26-Jun-2013 23:04, cybervadim пишет:
On Wednesday, 26 June 2013 at 14:59:41 UTC, Dmitry Olshansky wrote:

Having an unsafe magic wand that may transmogrify some code to switch
allocation strategy I consider naive and dangerous.

Who ever told you process does return before allocating a few Gigs of
RAM (and hoping on GC collection)? Right, nobody. Maybe it's an event
loop that may run forever.

What is missing is that code up to date assumes new == GC and works
_like that_.

Not magic, but the tool which is quite powerful and thus it may shoot
your leg.

I know what kind of thing you are talking about. It's ain't powerful it's just a hack that doesn't quite do what advertised.

This is unsafe, but if you want it safe, don't use allocators, stay with
GC.

BTW you were talking changing allocation of the code you didn't write.
There is not even single fact that makes the thing safe. It's all working by chance or because the thing was designed to work with scoped allocator to begin with.

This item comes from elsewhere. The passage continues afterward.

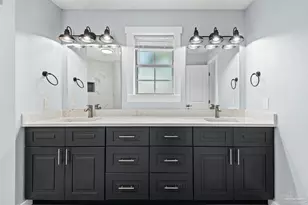 2028 Coral Creek Dr, Pensacola, FL 32506 - Photo 21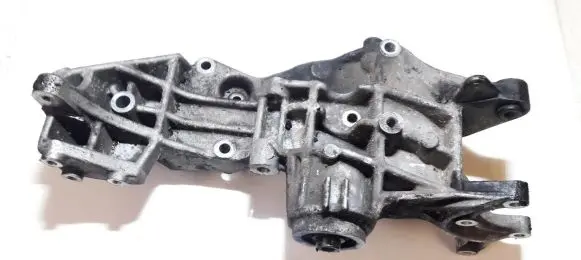 Audi A4 S4 B5 8D Engine mounting bracket 058145523d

I believe the 2nd case (design to use scoped allocation) is
a) The behavior is guaranteed (determinism vs GC etc)
b) Safety is assured be the designer not pure luck (and reasonable assumption that may not hold)

In the example above, you get first arr freed by GC, second arr may
point to nothing if myAlloc was implemented to free it before. Or you
may get a proper arr reference if myAlloc used malloc and didn't free
it.

Yeah I know, hence I showed it. BTW forget about malloc I'm not talking about explicit malloc being an alternative to you scheme.

> The fact that you may write bad code does not make the language (or
> concept) bad.

It does. Because it introduces easy unreliable and bug prone usage.